An imaginary vista like An Island in the Sea tells us more about the idea of island-ness than might an actual scene, where an island looks like a peninsula or a strip of sunset. In the same way, a map of an imaginary terrain is more maplike than a real map. Degas’s amoebic orange shape, under a similarly grasping orange cloud, takes hold of the mind. Recarved in the crumbly radiance of pastels, the mountainous forms of various Landscapes acquire different sizes and auras, from the original monotype to the cognate print. In one doubled set, a gloriously vague and golden wheat field (Wheatfield and Green Hill) becomes on the second try a tidy rectangular violet field of flax (The Field of Flax); we like it less well, having become acclimated to Degas’s world of recklessly tinted wilderness and unnameable forms. Even a volcano (Vesuvius) seems diminished in its specificity—a mere local postcard.

It is not surprising, as Degas remolded his monotype blobs, bestowing upon them his characteristic roundedness, that his plastic imagination would revert to human forms he had mastered; he shapes a slender isthmus to resemble a foreshortened ballerina’s leg (Rocky Coast), and jestingly extracts a pneumatic, reclining nude from the bulbous protrusions of Steep Coast, her red hair cascading, petrified, down the cliff. Metamorphosis is what nature is all about.

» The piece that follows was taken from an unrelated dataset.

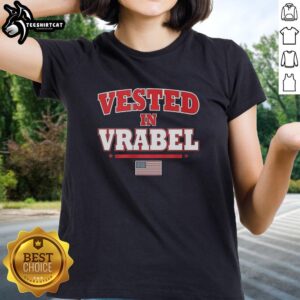 Top-Vested-In-Vrabel-Flag Ladies Tee featuring vibrant graphics and comfortable fit for stylish casual wear.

Kendall, in his scrupulous examination of Degas’s cultural context, nominates as a likely influence upon the monotypes the writer Victor Hugo, who enjoyed additional celebrity as a painter. Like the Degas of the monotypes, Hugo—whose drawings had been exhibited as recently as 1888—produced topographical scenes from his travels, teased random blots of ink into semblances, and included fingerprints in his free-form compositions.

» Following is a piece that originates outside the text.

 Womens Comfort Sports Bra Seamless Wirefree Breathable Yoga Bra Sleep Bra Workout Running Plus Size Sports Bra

After the burst of fruitful violence that fed into the 1892 show at Durand-Ruel, Degas withdrew from landscape as such. The third and final room of the exhibition at the Metropolitan hangs some large canvases executed at the Saint-Valéry-sur-Somme, a village in Picardy where Degas had spent holidays with his family as a child, and where his brother René rented a house three decades later. The oils are townscapes more than landscapes and, perhaps partly owing to Degas’s troubled eyesight, are muddy in color and often left unfinished. A number, heavily outlined, seem deliberate exercises in perspective, and point up what a drag drawing is upon painting, with its net of lines. After the confident color explosions of the pastelled monotypes, these laborious canvases seem dreary and tentative, though not without, in the View of Saint-Valéry-sur-Somme and Houses at the Foot of a Cliff, a melancholy impressiveness. There is a suggestion, in the piling-on of cubes and the predominance of orange and green, of Cézanne, and even, in the quasi-primitive Return of the Herd, of Gauguin, but nothing like the vitality of either painter, or of the sun-soaked landscapes of an earlier Degas. We end with several paintings in which landscape figures potently as background; the pinkish tints of Racehorses in a Landscape (1894) echo from sweated horse-flank to mountaintops dipped in red glow, and the fauve colors of the swirling figures of Russian Dancers (1899) extend into the vivid background. Wherever you look in nature, his outdoor exercises taught Degas, color is in motion.